> _Aim of the task_:
Could every line below be transcribed exactly, with the pictures dropped?

(Saved entries)

---

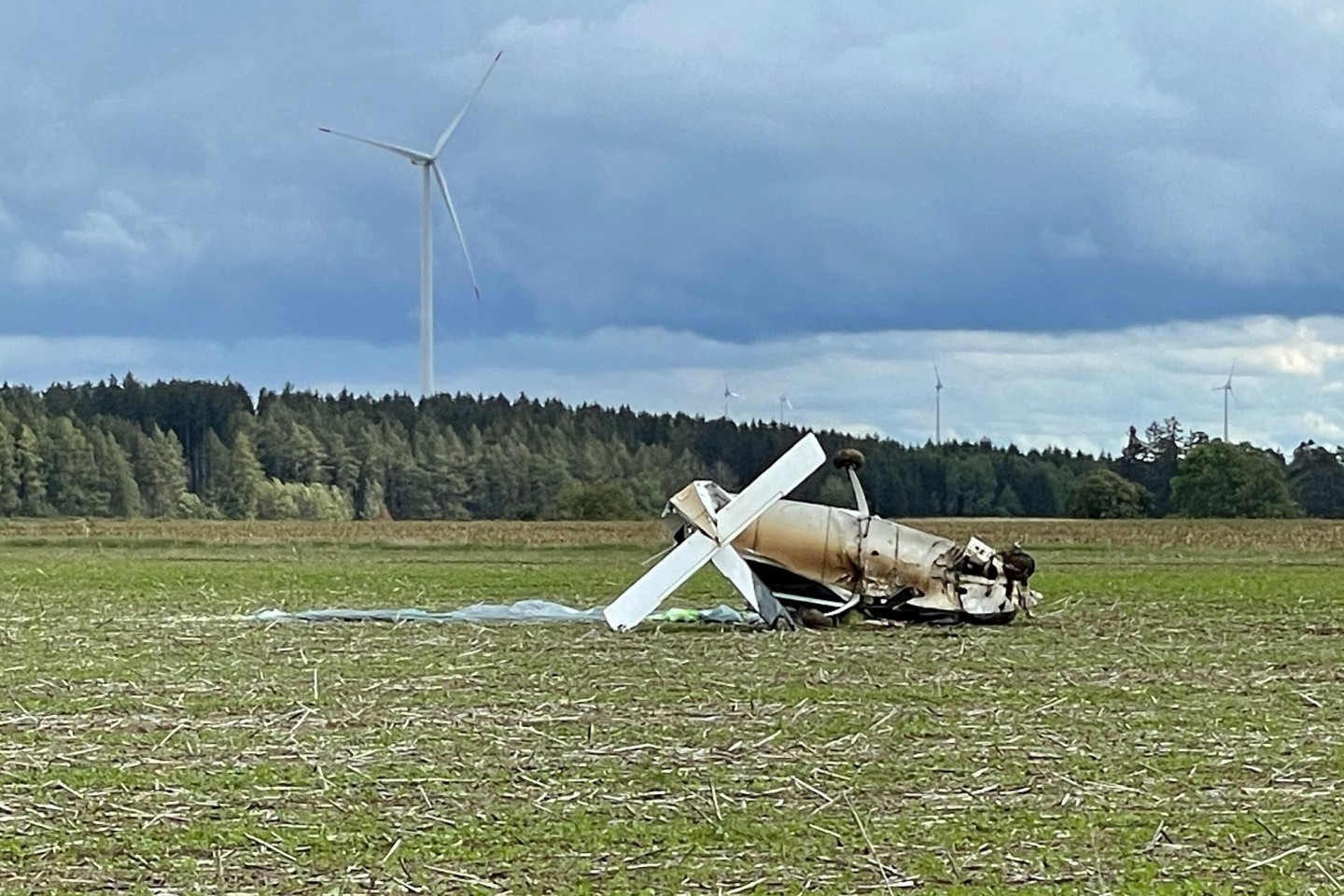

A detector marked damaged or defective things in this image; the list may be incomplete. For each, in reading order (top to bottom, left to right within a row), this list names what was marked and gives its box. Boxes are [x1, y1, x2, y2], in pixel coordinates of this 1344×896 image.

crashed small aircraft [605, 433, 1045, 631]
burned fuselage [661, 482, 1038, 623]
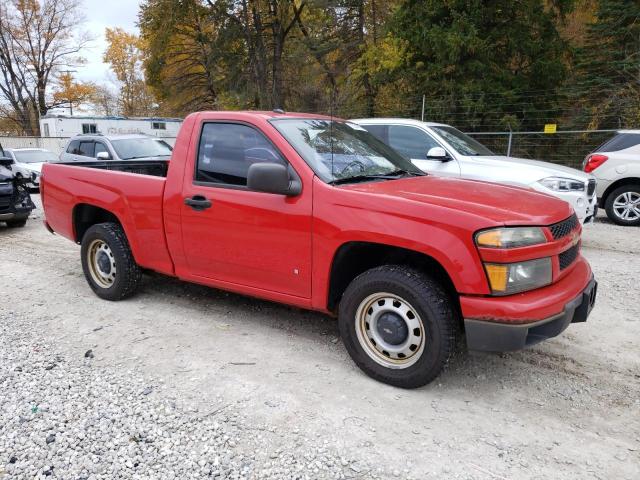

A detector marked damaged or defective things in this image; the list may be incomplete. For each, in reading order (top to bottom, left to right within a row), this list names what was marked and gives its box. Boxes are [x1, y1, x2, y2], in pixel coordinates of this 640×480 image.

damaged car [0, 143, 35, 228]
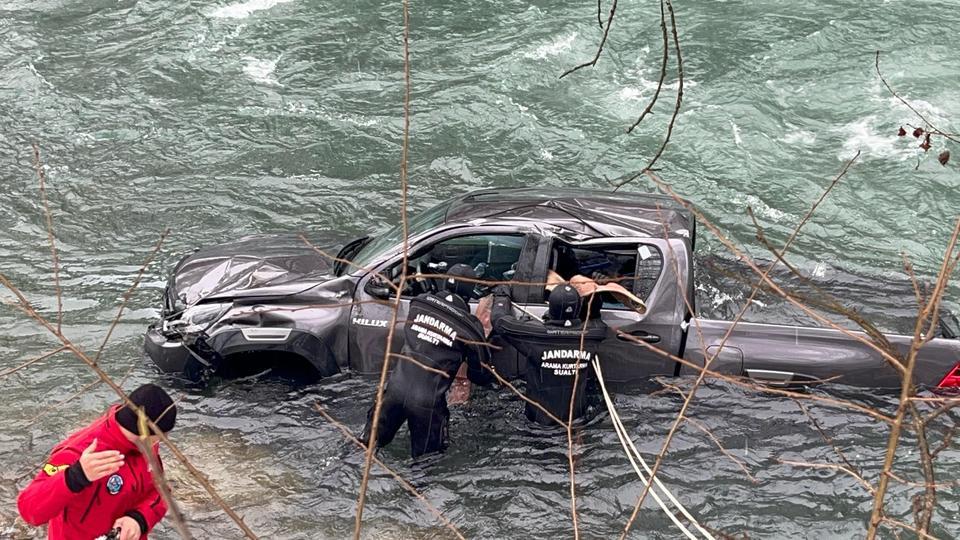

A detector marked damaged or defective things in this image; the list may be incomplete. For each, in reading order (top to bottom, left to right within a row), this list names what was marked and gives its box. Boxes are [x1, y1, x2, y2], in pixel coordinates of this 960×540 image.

---

> _Reply_:
A detector marked damaged or defective things in this image; the list may be incomplete. For each, in reading order (top to bottom, left to right within a row), this list names what was marked and gives its box. Boxes are [x1, y1, x2, y2], in pixel coordinates of this 1344×896 image.

crashed small aircraft [605, 433, 1045, 631]
burned fuselage [661, 482, 1038, 623]

A detector marked damaged or defective things in this image; the list may be incomplete. For each, in reading order (top to bottom, left to right within a row), this list names what was marked and gives its box. Boxes are [x1, y1, x2, y2], in pixel coordinates of this 640×480 image.

damaged car [0, 143, 35, 228]

A detector marked damaged or defective things in this image; the list may be incomplete. For each, in reading order (top to bottom, left to right within a row), this list names what was marked and gives its box. Boxes are [x1, y1, x2, y2], in pixel coordinates of this 960×540 image.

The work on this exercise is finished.